Previously the ICA had been instrumental in the development of the DaVinci Group which formed following the 2011 hearing. DaVinci represented a larger faction of the chiropractic profession than the Summit group with over 70 organizations involved. However, the ICA controlled the deciding votes on DaVinci.
In one move after another the ICA has given in to the ACA, CCE and the rest of the Chiropractic Cartel and in each of these efforts Welsh, the current President of the ICA, has been at the center.
In the announcement by Welsh and the ICA regarding the recent ICA decision not to oppose the ACA's Medicare Bill, the ICA refers to "chiropractic physicians" repeatedly in both the announcement and the Powerpoint accompanying it that was presented to the Summit Group.
It has long been a goal of the ACA, CCE and the rest of the Cartel to embed "chiropractic physician" language in accreditation standards, regulatory law and health policy. The use of this term so easily slipped in by the ICA despite the fact that the term does not appear in any of the ICA's organizing documents or policy statements is a clear sign of support for those efforts and a misrepresentation of the ICA's values. The ICA will no doubt claim that chiropractors are already considered "physicians" under Medicare and that is why they used the term. However, "physician" could simply be replaced by "chiropractor" and "chiropractic services" in any Medicare overhaul if that was what they really wanted.

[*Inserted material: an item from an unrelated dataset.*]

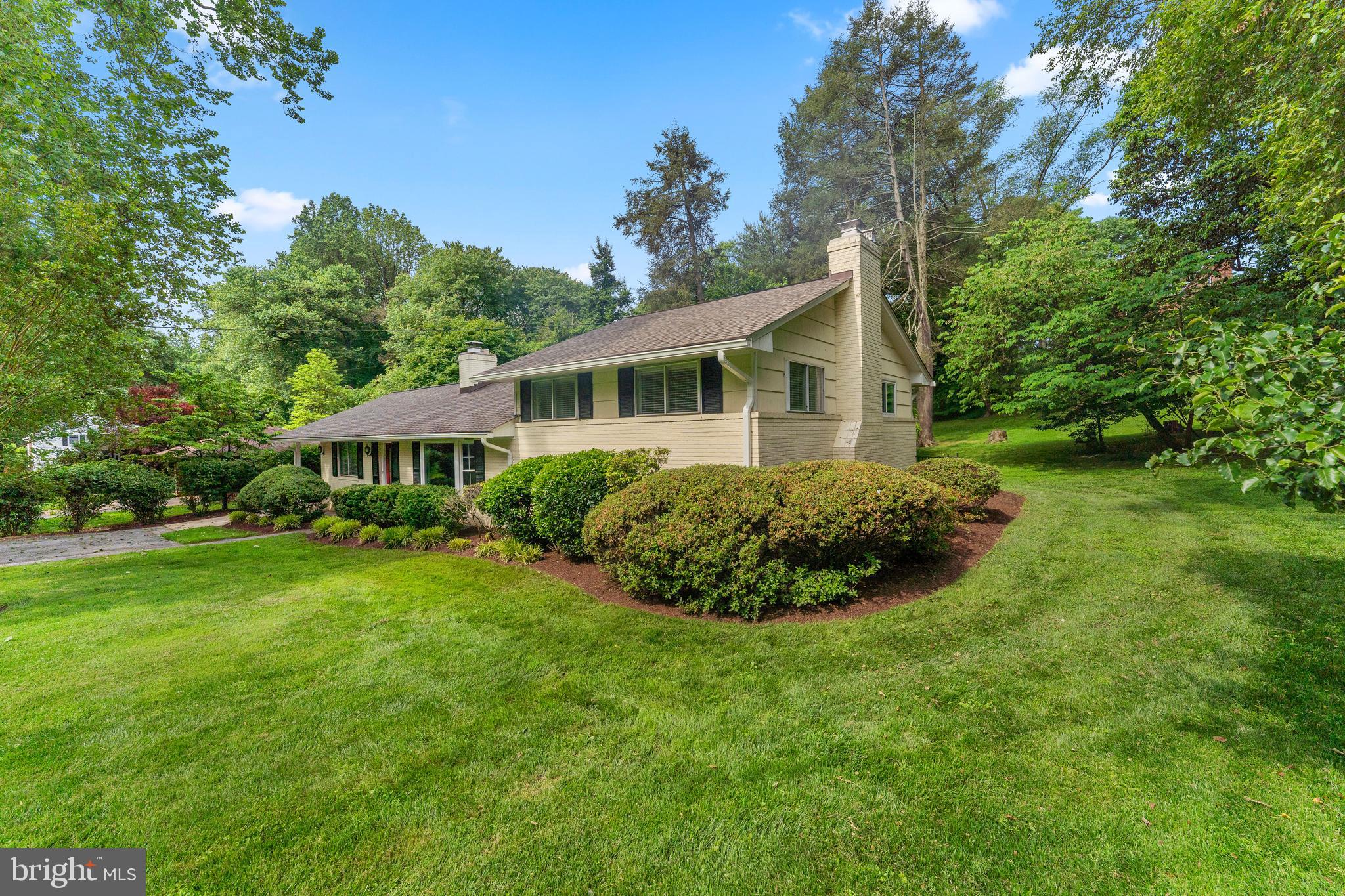 MEADOWOOD - Residential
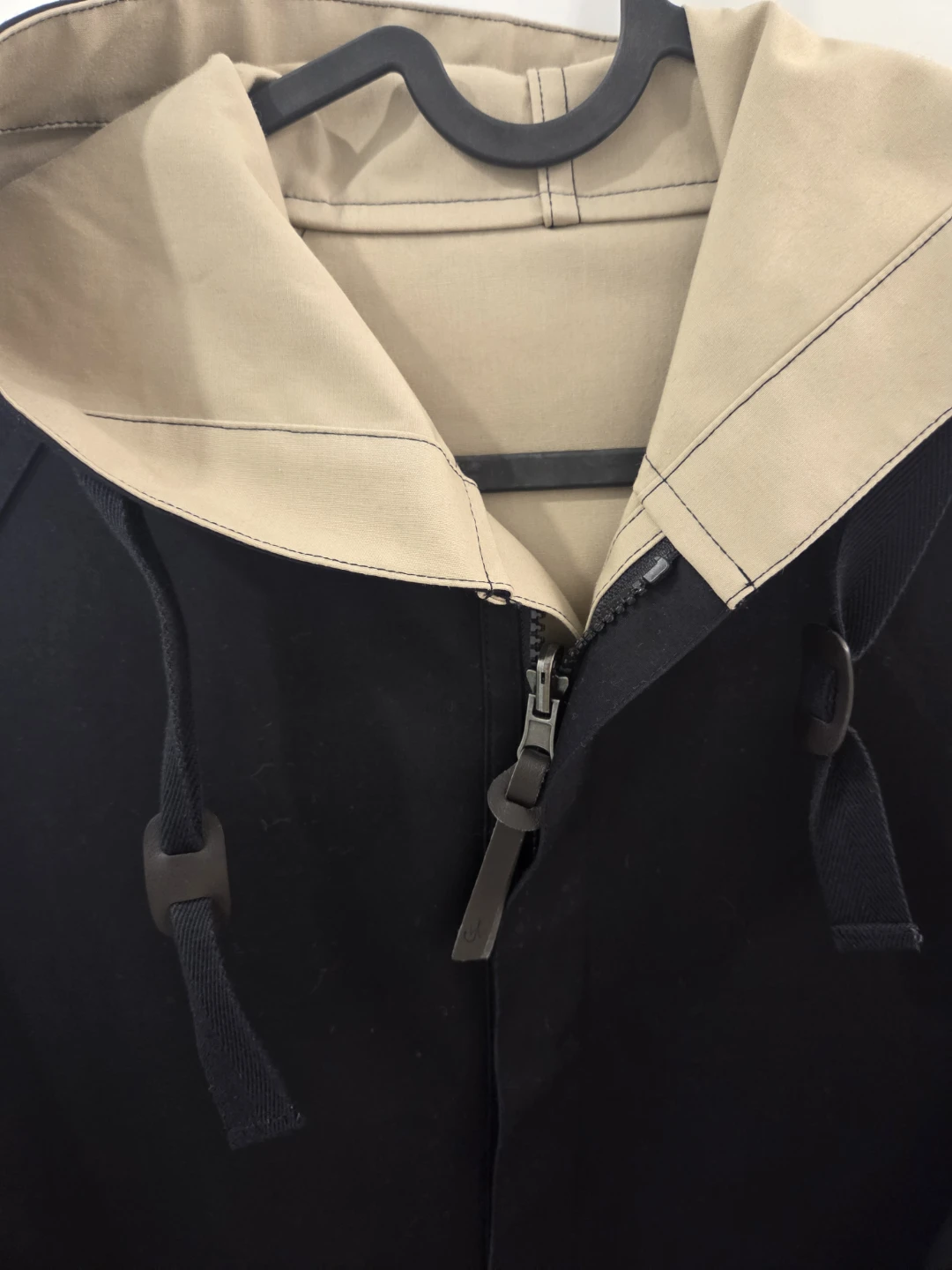 Reversible Hooded Raincoat - Black/Tan - photo 3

The use of "physician" however is a sore point in all of these debates since chiropractors who are dependent on third party pay believe that being able to call themselves a physician increases their scope, increases third party billings, and elevates them to a higher status than simply calling themselves a "chiropractor".
The acquiescence on this by the ICA and Welsh (despite it being at odds with ICA values) and the lack of any opposition to the Cartel's scope expansion Bill, is a major gift to them by the ICA. All the while ICA's President Welsh refers to these actions as his "Big Tent" strategy to quell ICA members concerns about the direction of the ICA and the abandoning of some of its core values.
This gift to the ACA also comes at a time when the ACA has been increasingly consolidating its power within the profession. Throughout the country the ACA and its members have infiltrated chiropractic state associations, regulatory boards and the Boards of Chiropractic Colleges (including Palmer) and have been pushing ACA Policies.
The "Big Tent" Welsh refers to actually belongs to the American Chiropractic Association and he appears to be begging for a place to squat.